CHIVALRIC ARMS & THE RIGHT TO BEAR ARMS
Arms and armor are potential tools of rebellion. Obviously, limiting their widespread use is in the best interest of any ruling class. Weapons in the hands of simple folk challenges the nobility’s hold on power. On the other hand, the gentry may require military assistance from those lower on the social ladder and benefits from having a supply of trained warriors. …Good government, in a feudal sense, is largely a matter of keeping the right number of people armed.
In theory, like land, the right to bear arms devolves from the sovereign whose ultimate duty it is to defend the state. Obviously, those charged with the defense of the kingdom, must be privileged to bear arms.
In the strictest sense, only those explicitly granted the right or those who can trace their right to a grant from the sovereign, through his vassals, have the right to bear arms. The practice, however, is more liberal.
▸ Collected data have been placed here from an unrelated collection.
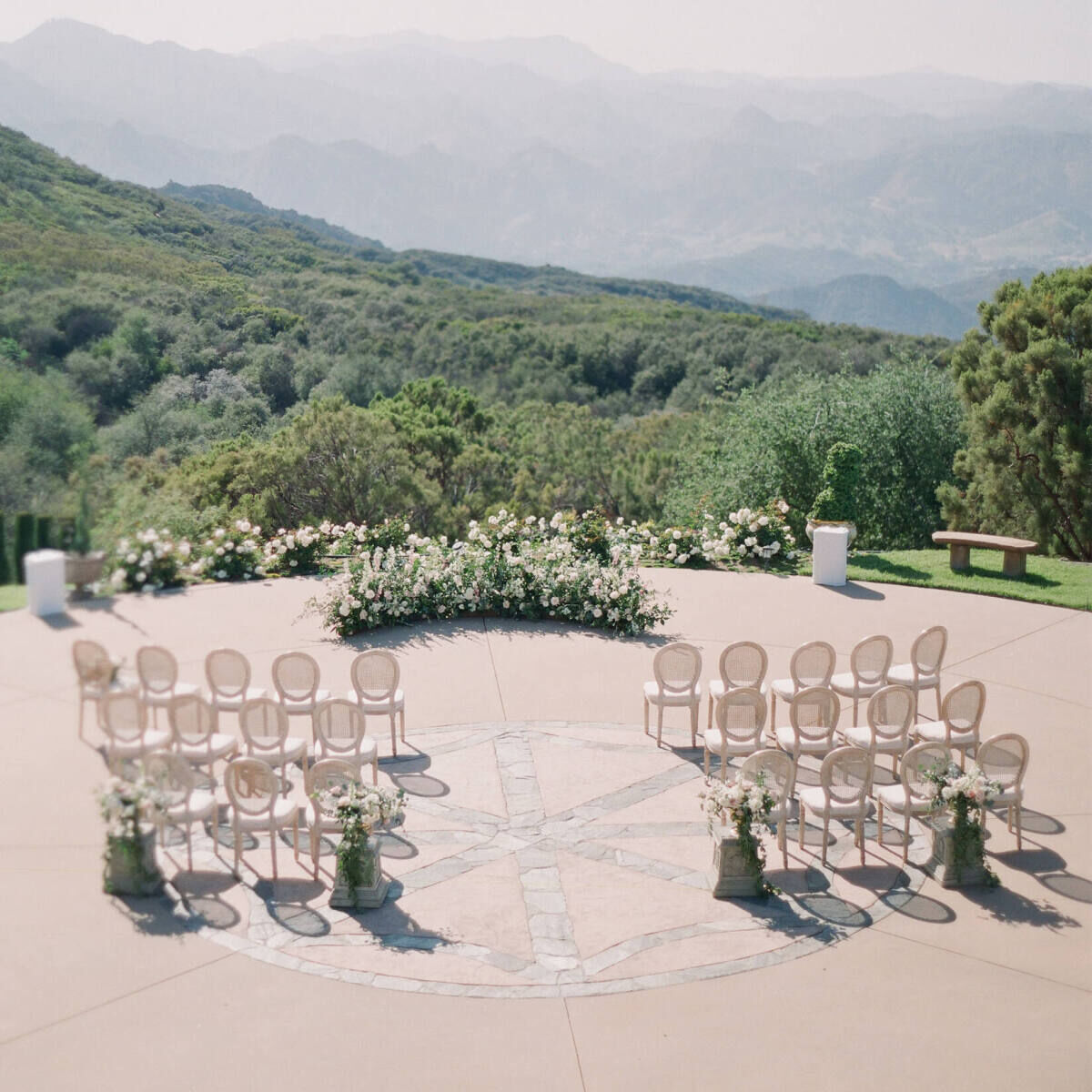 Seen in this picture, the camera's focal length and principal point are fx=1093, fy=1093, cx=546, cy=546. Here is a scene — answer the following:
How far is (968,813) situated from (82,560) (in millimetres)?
5741

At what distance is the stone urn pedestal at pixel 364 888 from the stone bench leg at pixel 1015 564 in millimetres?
11460

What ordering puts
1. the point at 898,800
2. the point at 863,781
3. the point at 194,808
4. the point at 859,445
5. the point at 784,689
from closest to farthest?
the point at 194,808 < the point at 863,781 < the point at 898,800 < the point at 784,689 < the point at 859,445

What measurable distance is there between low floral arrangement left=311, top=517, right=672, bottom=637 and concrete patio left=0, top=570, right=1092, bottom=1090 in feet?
11.6

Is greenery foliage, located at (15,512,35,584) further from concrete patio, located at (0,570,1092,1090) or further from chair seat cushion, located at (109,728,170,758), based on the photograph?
chair seat cushion, located at (109,728,170,758)

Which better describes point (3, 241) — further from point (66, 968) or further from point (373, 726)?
point (373, 726)

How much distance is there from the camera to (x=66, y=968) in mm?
6062

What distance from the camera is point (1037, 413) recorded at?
1883 cm

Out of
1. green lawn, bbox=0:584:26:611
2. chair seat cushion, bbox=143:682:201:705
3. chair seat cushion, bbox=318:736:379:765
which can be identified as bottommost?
chair seat cushion, bbox=318:736:379:765

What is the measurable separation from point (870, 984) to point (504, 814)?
118 inches

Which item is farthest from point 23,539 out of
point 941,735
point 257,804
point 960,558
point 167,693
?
point 960,558

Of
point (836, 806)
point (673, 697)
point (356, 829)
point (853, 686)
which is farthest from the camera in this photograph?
point (853, 686)

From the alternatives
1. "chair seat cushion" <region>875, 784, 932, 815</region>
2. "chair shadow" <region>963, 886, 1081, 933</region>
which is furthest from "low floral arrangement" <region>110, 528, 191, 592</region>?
"chair shadow" <region>963, 886, 1081, 933</region>

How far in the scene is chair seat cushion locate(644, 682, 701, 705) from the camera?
31.3 feet

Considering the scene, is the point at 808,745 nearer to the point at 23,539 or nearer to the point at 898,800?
the point at 898,800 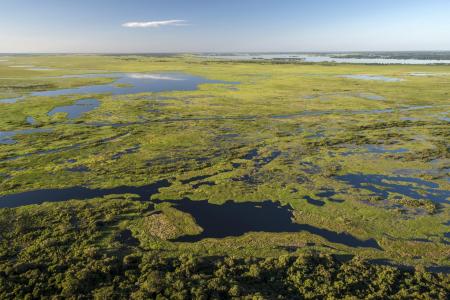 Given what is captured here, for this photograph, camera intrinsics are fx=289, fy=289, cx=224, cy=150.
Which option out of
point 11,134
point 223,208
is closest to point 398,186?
point 223,208

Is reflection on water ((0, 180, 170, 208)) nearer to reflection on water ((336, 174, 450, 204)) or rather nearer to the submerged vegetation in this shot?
the submerged vegetation

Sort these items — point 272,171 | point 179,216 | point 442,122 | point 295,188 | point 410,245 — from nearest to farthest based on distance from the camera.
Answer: point 410,245 → point 179,216 → point 295,188 → point 272,171 → point 442,122

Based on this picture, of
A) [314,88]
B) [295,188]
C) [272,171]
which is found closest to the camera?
[295,188]

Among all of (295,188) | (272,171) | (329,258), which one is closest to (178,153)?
(272,171)

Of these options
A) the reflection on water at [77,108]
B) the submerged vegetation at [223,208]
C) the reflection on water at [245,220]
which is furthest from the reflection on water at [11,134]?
the reflection on water at [245,220]

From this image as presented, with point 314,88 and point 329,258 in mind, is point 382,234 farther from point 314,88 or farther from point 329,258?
point 314,88

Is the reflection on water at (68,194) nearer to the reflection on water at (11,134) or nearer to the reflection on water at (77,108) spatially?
the reflection on water at (11,134)

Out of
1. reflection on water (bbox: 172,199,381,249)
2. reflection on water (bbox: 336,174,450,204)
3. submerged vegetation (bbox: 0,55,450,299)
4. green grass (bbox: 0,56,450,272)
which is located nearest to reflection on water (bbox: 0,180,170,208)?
submerged vegetation (bbox: 0,55,450,299)

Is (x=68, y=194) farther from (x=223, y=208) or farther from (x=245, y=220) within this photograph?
(x=245, y=220) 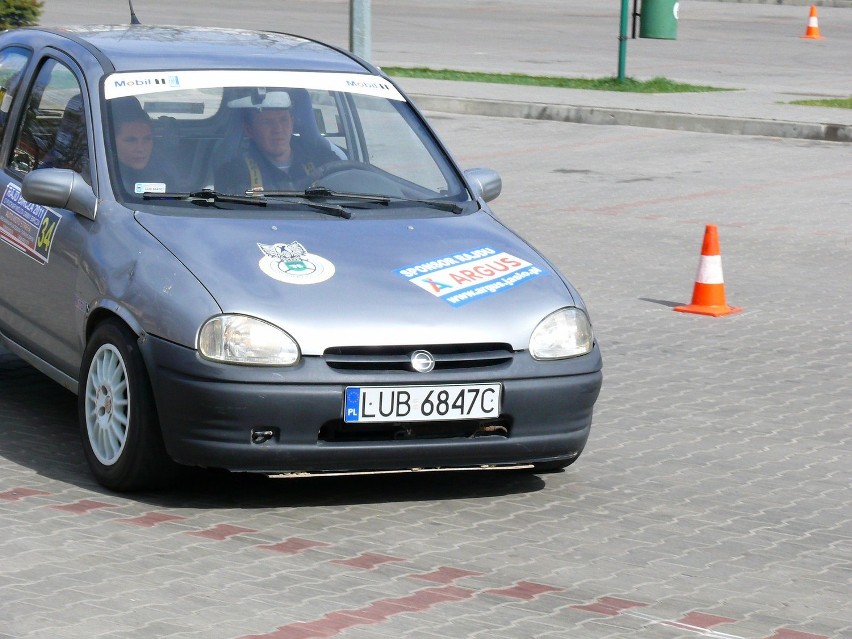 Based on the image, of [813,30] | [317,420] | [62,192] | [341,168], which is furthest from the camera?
[813,30]

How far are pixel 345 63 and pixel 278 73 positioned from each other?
433 mm

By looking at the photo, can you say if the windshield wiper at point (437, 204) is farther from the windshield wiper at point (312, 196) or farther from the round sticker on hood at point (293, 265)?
the round sticker on hood at point (293, 265)

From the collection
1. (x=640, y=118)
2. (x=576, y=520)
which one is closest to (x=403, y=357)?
(x=576, y=520)

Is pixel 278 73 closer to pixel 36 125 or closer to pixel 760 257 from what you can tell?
pixel 36 125

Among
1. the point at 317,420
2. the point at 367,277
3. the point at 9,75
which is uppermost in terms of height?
the point at 9,75

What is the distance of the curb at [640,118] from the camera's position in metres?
18.8

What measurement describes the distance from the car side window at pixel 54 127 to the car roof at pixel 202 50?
192mm

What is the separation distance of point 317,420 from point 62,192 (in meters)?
1.53

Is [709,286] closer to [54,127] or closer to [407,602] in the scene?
[54,127]

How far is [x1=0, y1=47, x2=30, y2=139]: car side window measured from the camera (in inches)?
293

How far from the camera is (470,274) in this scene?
603 cm

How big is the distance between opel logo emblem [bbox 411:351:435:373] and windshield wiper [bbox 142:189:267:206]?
1.09 metres

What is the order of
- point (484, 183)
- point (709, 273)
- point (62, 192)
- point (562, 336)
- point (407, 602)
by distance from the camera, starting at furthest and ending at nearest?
point (709, 273), point (484, 183), point (62, 192), point (562, 336), point (407, 602)

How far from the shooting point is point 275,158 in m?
6.66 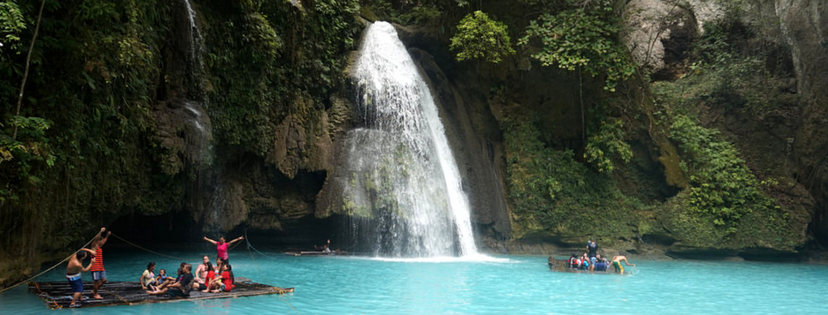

Like knighthood, the right to bear arms may be delegated by anyone who possesses it, so that a gentleman can arm his retainers, as long as they remain in his employ [of course, he is the responsible for their behavior while so armed].
Official military organizations, fighting orders, legions, etc., lend the right to bear arms to their members and this right is generally retained when an individual is honorably discharged, especially if the individual remains available for military service. Most mercenaries are former soldiers (or claim to be). The sons of soldiers often claim their father’s right to bear arms, a dubious claim that, nevertheless, may go unchallenged.Towns charged with their own defense are usually given charter rights to organize militia and/or hire mercenaries. To assure themselves of the legality, however, they nearly always hire knights to take charge.